Saved data entries
____

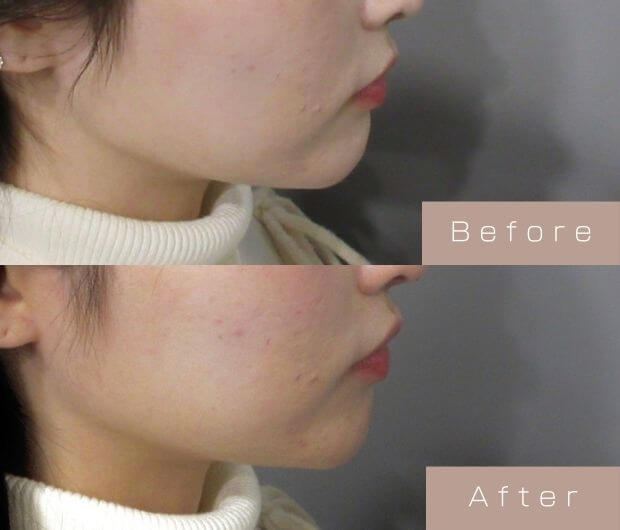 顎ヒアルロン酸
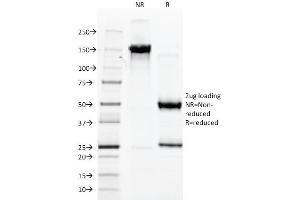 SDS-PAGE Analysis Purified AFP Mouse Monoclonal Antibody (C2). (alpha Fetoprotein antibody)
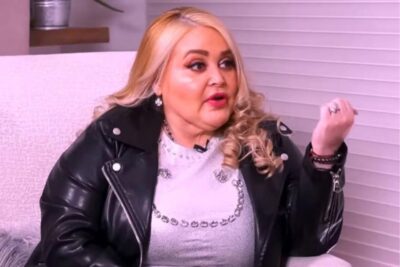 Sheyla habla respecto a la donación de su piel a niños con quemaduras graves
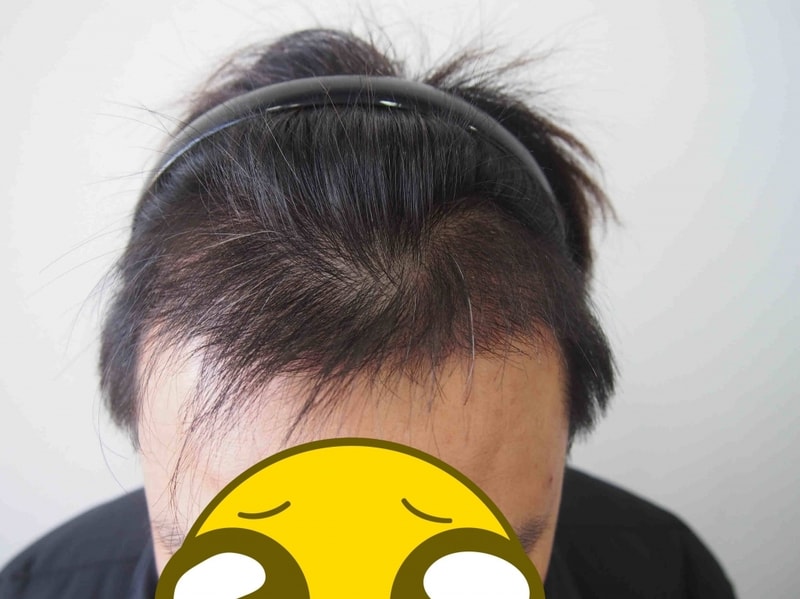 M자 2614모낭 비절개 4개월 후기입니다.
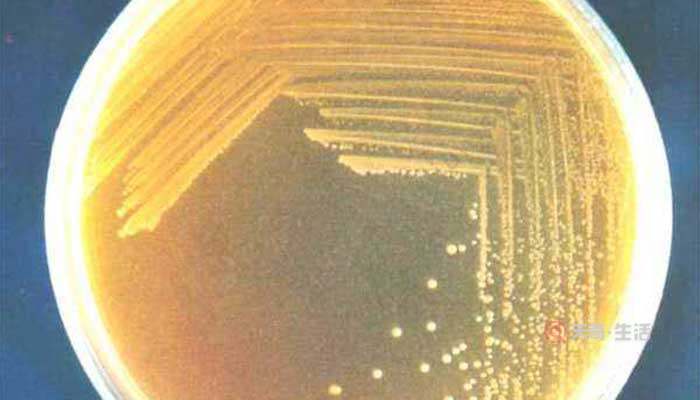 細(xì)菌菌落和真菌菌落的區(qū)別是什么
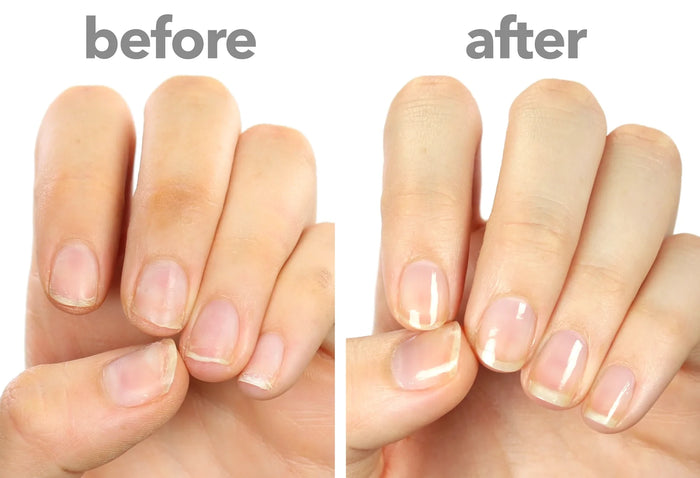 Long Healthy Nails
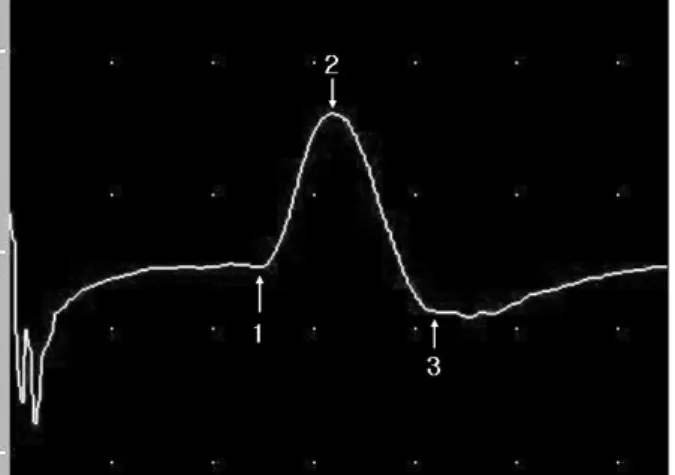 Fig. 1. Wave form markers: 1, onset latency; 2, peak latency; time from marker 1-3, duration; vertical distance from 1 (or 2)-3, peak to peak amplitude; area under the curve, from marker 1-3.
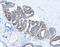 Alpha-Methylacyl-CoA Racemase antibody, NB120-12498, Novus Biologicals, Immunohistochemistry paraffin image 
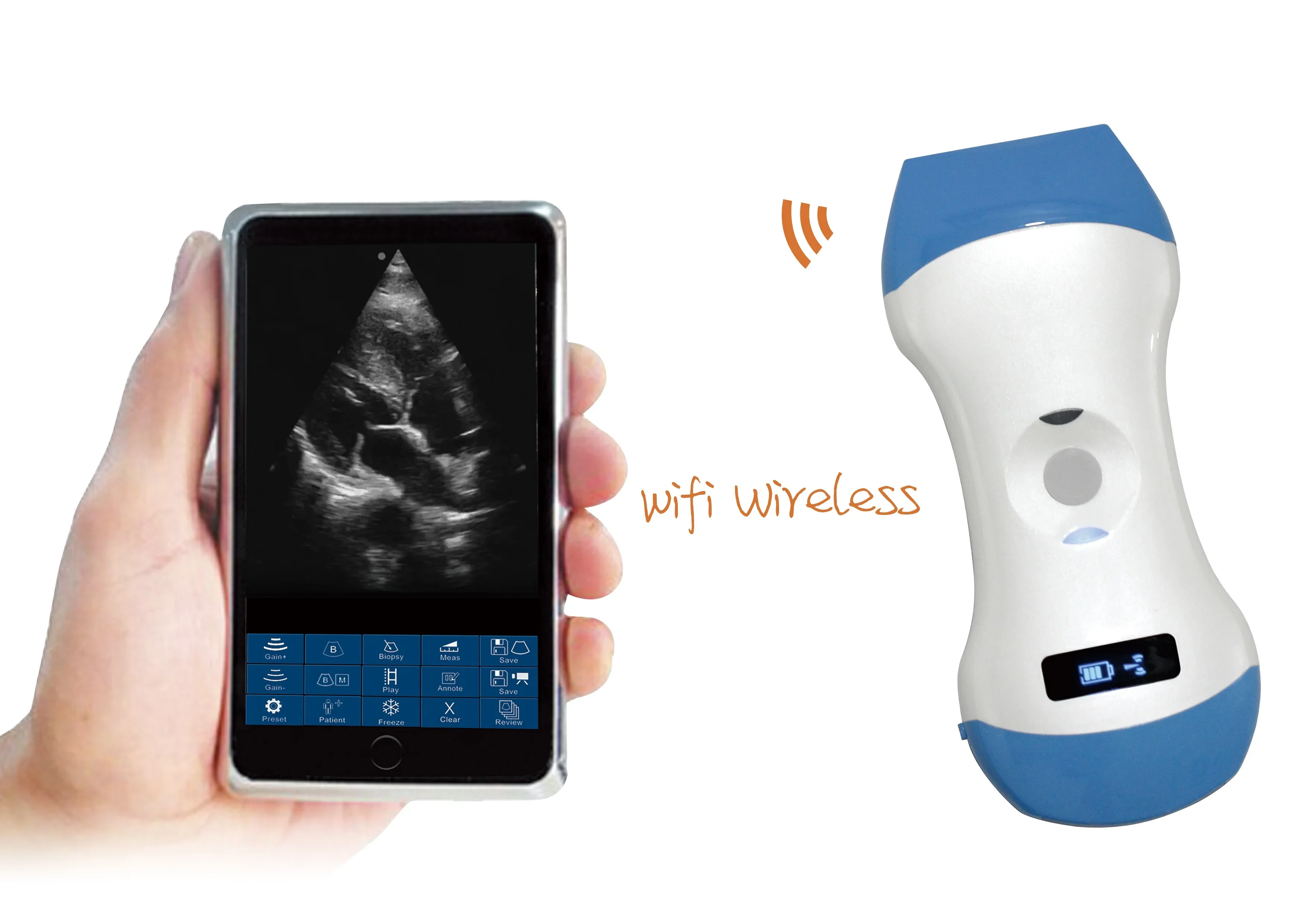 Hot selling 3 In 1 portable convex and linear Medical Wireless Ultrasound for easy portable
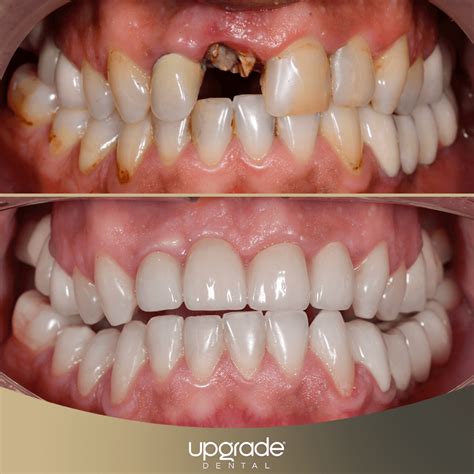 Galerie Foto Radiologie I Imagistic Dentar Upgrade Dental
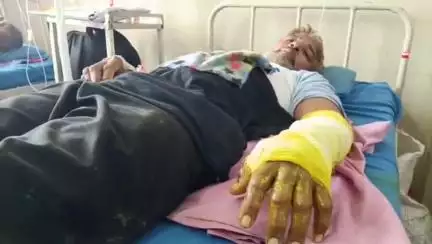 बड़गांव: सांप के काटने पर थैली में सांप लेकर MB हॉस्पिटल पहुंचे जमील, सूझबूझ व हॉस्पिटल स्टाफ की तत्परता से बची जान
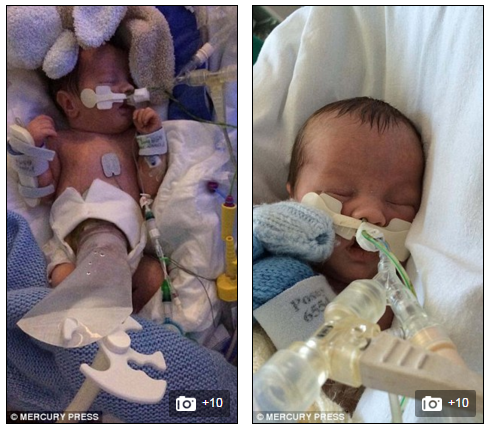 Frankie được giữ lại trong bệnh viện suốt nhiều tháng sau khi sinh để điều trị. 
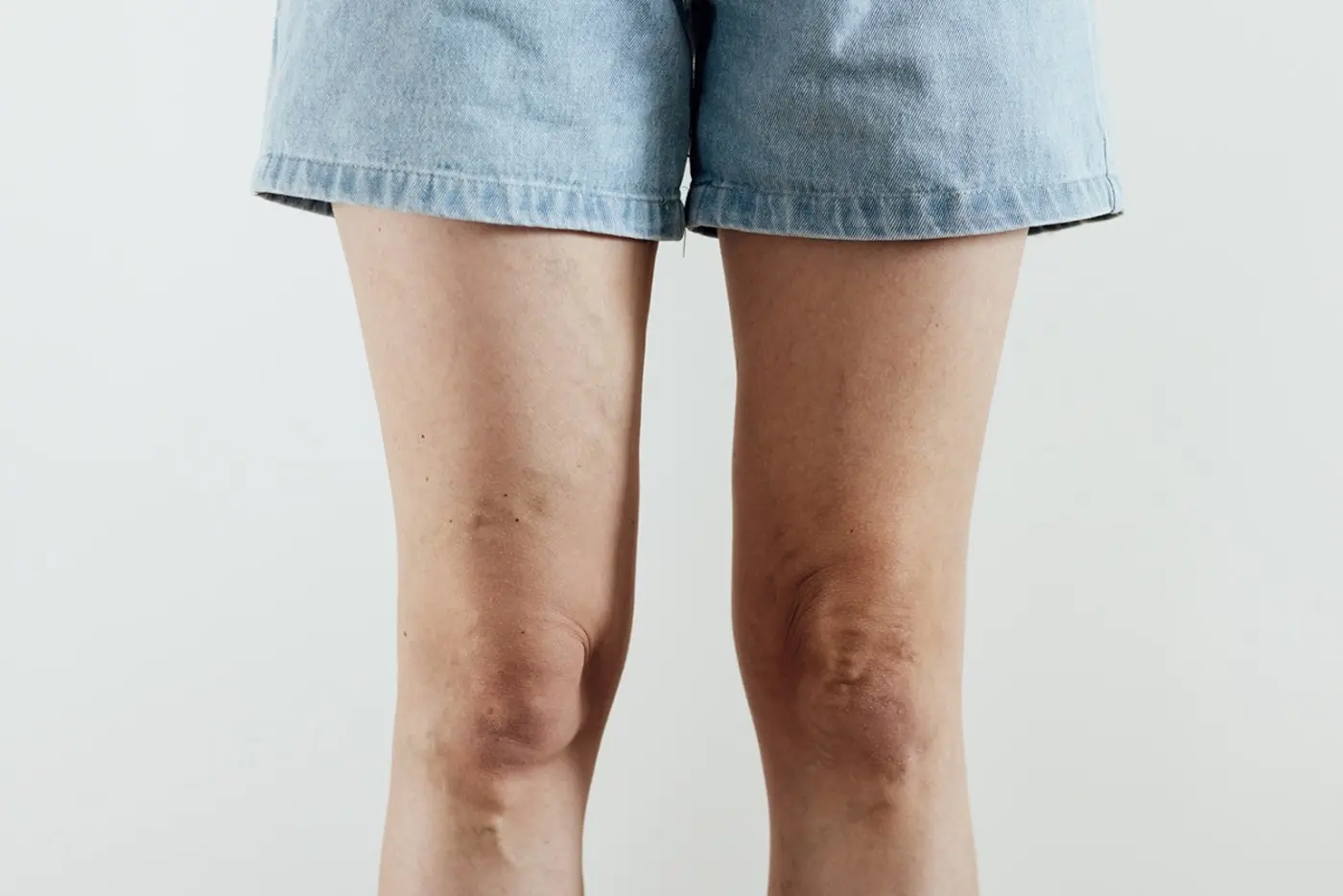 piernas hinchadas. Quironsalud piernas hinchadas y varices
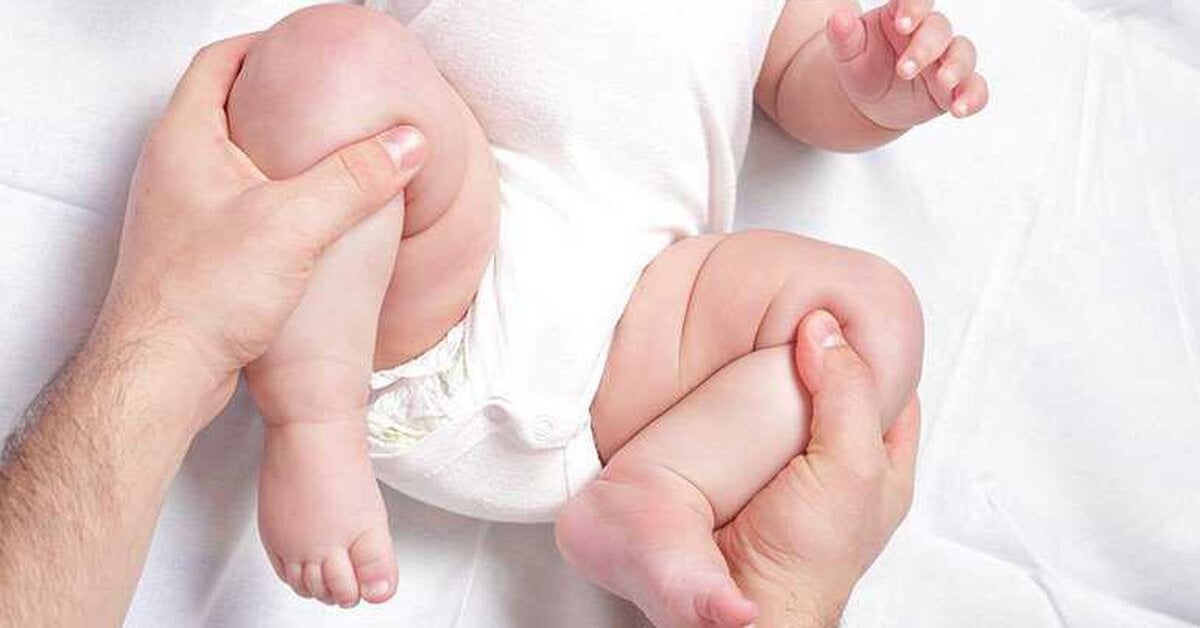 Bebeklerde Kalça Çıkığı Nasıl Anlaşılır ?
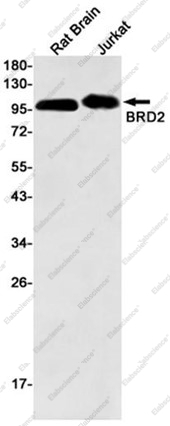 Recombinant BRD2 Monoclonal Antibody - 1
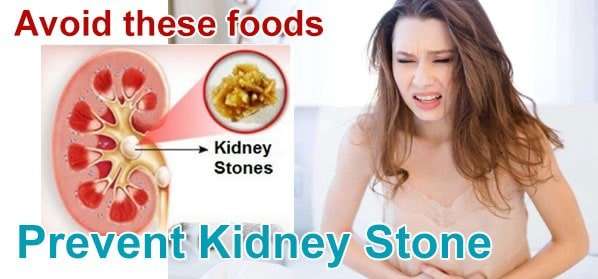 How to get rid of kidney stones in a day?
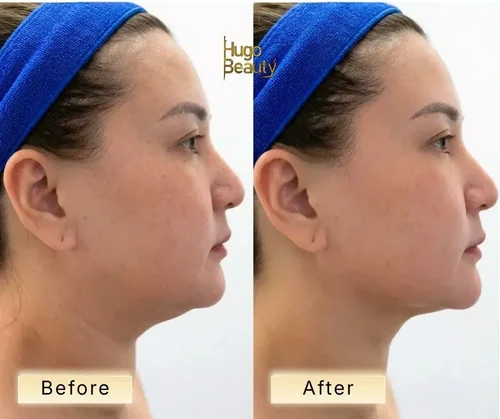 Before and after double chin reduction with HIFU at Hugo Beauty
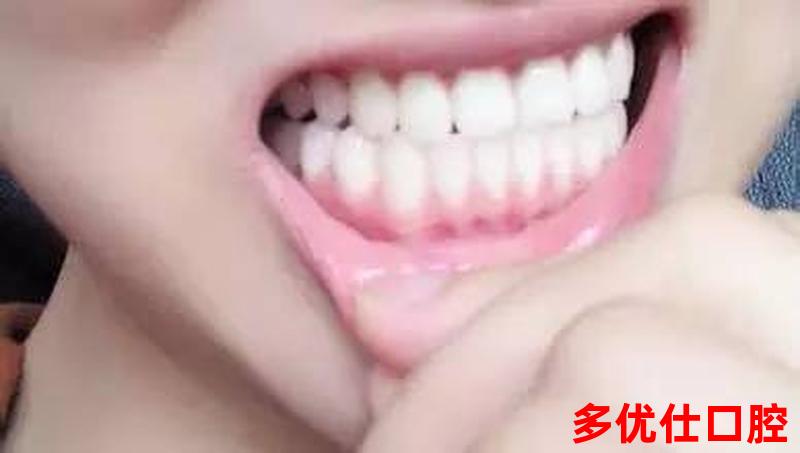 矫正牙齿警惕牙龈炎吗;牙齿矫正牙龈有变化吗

____

Work to be completed: In the copy, include no pictures; transcribe every record above verbatim.

Answer area:
 顎ヒアルロン酸
 SDS-PAGE Analysis Purified AFP Mouse Monoclonal Antibody (C2). (alpha Fetoprotein antibody)
 Sheyla habla respecto a la donación de su piel a niños con quemaduras graves
 M자 2614모낭 비절개 4개월 후기입니다.
 細(xì)菌菌落和真菌菌落的區(qū)別是什么
 Long Healthy Nails
 Fig. 1. Wave form markers: 1, onset latency; 2, peak latency; time from marker 1-3, duration; vertical distance from 1 (or 2)-3, peak to peak amplitude; area under the curve, from marker 1-3.
 Alpha-Methylacyl-CoA Racemase antibody, NB120-12498, Novus Biologicals, Immunohistochemistry paraffin image 
 Hot selling 3 In 1 portable convex and linear Medical Wireless Ultrasound for easy portable
 Galerie Foto Radiologie I Imagistic Dentar Upgrade Dental
 बड़गांव: सांप के काटने पर थैली में सांप लेकर MB हॉस्पिटल पहुंचे जमील, सूझबूझ व हॉस्पिटल स्टाफ की तत्परता से बची जान
 Frankie được giữ lại trong bệnh viện suốt nhiều tháng sau khi sinh để điều trị. 
 piernas hinchadas. Quironsalud piernas hinchadas y varices
 Bebeklerde Kalça Çıkığı Nasıl Anlaşılır ?
 Recombinant BRD2 Monoclonal Antibody - 1
 How to get rid of kidney stones in a day?
 Before and after double chin reduction with HIFU at Hugo Beauty
 矫正牙齿警惕牙龈炎吗;牙齿矫正牙龈有变化吗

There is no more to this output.